Network setup for Cambridge's new DNS servers

2015-01-07 - Progress - Tony Finch

The SCCS-to-git project that I wrote about previously was the prelude to setting up new DNS servers with an entirely overhauled infrastructure.

Old and new hardware

The current setup which I am replacing uses Solaris Zones (like FreeBSD Jails or Linux Containers) to host the various name server instances on three physical boxes. The new setup will use Ubuntu virtual machines on our shared VM service (should I call it a "private cloud"?) for the authoritative servers. I am making a couple of changes to the authoritative setup: changing to a hidden master, and eliminating differences in which zones are served by each server.

I have obtained dedicated hardware for the recursive servers.
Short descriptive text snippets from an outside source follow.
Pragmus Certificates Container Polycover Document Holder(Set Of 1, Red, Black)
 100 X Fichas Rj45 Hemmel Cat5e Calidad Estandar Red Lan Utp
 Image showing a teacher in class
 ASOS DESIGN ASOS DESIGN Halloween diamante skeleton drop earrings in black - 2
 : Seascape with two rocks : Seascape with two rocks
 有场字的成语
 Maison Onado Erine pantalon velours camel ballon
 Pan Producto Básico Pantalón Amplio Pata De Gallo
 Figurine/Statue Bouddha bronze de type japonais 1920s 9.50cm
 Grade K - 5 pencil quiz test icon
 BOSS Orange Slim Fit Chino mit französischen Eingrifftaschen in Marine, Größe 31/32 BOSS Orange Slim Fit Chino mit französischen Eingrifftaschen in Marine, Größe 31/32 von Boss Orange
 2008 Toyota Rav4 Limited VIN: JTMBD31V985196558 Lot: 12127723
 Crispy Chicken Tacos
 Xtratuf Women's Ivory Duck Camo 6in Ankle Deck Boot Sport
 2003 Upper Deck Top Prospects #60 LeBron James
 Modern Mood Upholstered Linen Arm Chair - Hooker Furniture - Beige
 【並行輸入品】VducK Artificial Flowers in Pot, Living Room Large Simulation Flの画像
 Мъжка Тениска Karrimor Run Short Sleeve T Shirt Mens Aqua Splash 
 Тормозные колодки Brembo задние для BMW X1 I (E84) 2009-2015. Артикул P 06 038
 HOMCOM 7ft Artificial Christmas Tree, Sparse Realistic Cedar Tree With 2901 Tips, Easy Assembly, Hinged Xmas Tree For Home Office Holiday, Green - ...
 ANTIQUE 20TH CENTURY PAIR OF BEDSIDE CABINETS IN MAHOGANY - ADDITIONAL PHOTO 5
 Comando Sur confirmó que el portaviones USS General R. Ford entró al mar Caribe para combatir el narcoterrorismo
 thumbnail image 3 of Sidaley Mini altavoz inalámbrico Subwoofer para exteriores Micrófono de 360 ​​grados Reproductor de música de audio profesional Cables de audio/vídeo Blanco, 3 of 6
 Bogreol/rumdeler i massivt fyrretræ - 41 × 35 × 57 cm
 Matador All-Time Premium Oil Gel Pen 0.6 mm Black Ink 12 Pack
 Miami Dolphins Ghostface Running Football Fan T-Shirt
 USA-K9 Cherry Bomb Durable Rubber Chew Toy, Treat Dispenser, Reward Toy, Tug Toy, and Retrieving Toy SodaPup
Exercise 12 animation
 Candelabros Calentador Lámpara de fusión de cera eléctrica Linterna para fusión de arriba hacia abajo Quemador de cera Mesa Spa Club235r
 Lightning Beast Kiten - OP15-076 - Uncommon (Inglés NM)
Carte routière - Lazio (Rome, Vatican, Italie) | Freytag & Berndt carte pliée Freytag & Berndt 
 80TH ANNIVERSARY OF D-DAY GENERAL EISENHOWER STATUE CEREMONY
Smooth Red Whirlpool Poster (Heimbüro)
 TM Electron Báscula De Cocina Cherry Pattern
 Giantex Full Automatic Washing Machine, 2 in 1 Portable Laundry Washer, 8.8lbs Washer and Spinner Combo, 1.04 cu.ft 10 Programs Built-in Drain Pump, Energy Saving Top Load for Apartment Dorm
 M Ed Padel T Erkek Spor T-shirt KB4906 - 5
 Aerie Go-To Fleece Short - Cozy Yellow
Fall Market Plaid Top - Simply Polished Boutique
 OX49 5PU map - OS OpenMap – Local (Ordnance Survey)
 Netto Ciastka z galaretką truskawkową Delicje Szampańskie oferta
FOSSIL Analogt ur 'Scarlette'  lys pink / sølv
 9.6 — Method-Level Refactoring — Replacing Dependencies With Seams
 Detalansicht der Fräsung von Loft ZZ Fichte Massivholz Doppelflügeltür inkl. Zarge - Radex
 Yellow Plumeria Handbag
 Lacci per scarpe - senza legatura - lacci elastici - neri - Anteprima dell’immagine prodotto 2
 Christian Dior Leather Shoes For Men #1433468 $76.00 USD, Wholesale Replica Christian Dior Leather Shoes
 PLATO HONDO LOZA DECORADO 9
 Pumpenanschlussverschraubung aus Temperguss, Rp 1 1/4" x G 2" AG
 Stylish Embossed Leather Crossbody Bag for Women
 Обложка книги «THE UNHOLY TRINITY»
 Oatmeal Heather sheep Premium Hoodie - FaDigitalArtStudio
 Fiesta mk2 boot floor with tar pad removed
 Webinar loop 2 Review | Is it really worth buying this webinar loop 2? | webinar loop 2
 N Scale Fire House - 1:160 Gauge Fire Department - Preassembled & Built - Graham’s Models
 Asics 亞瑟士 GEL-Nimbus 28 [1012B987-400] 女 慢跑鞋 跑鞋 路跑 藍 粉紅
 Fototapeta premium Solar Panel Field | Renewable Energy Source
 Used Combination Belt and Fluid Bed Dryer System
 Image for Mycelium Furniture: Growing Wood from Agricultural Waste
Our main concern is that they should be able to boot and work with no dependencies on other services beyond power and networking, because basically all the other services rely on the recursive DNS servers. The machines are Dell R320s, each with one Xeon E5-2420 (6 hyperthreaded cores, 2.2GHz), 32 GB RAM, and a Dell-branded Intel 160GB SSD.

Failover for recursive DNS servers

The most important change to the recursive DNS service will be automatic failover. Whenever I need to loosen my bowels I just contemplate dealing with a failure of one of the current elderly machines, which involves a lengthy and delicate manual playbook described on our wiki...

Often when I mention DNS and failover, the immediate response is "Anycast?". We will not be doing anycast on the new servers, though that may change in the future. My current plan is to do failover with VRRP using keepalived. (Several people have told me they are successfully using keepalived, though its documentation is shockingly bad. I would like to know of any better alternatives.) There are a number of reasons for using VRRP rather than anycast:

  • The recursive DNS server addresses are 131.111.8.42 (aka recdns0) and 131.111.12.20 (aka recdns1). (They have IPv6 addresses too.) They are on different subnets which are actually VLANs on the same physical network. It is not feasible to change these addresses.

  • The 8 and 12 subnets are our general server subnets, used for a large proportion of our services, most of which use the recdns servers. So anycasting recdns[01] requires punching holes in the server network routing.

  • The server network routers do not provide proxy ARP and my colleagues in network systems do not want to change this. But our Cisco routers can't punch a /32 anycast hole in the server subnets without proxy ARP. So if we did do anycast we would also have to do VRRP to support failover for recdns clients on the server subnets.

  • The server network spans four sites, connected via our own city-wide fibre network. The sites are linked at layer 2: the same Ethernet VLANs are present at all four sites. So VRRP failover gives us pretty good resilience in the face of server, rack, or site failures.

VRRP will be a massive improvement over our current setup, and it should provide us a lot of the robustness that other places would normally need anycast for, but with significantly less complexity. And less complexity means less time before I can take the old machines out of service.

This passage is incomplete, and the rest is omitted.